Segment Start: MATERIAL PROVIDED

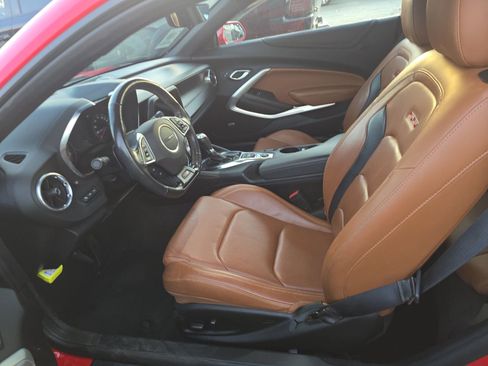 Used 2020 Chevrolet Camaro SS image 15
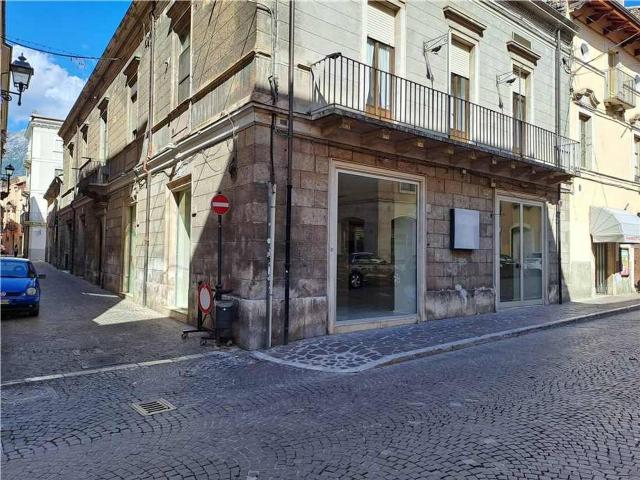 Locale Commerciale in affitto a Sulmona, L'Aquila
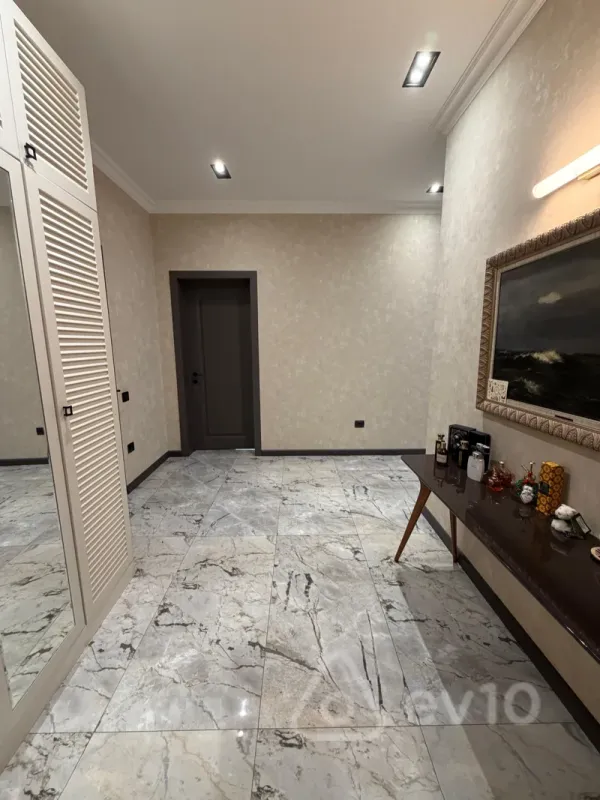 Kirayə verilir 3 otaqlı yeni tikili 126 m²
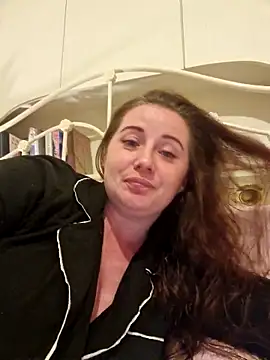 RosieMilff online show from October 5, 7:56 pm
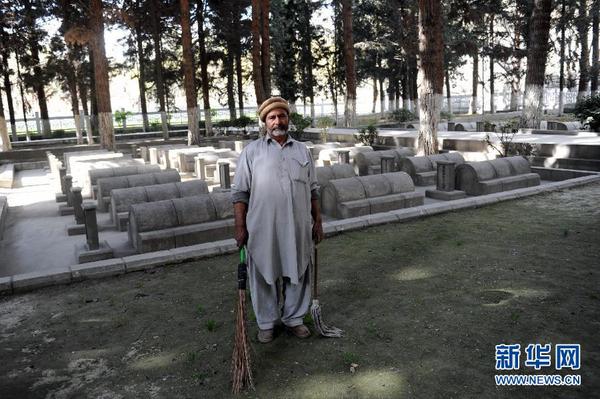 Пакистанский старик 37 лет охраняет кладбище павших китайских борцов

Segment End: MATERIAL PROVIDED

TASK PROMPT
Return the listing above in full and exactly, omitting all pictures.

EXERCISE ANSWER
 Used 2020 Chevrolet Camaro SS image 15
 Locale Commerciale in affitto a Sulmona, L'Aquila
 Kirayə verilir 3 otaqlı yeni tikili 126 m²
 RosieMilff online show from October 5, 7:56 pm
 Пакистанский старик 37 лет охраняет кладбище павших китайских борцов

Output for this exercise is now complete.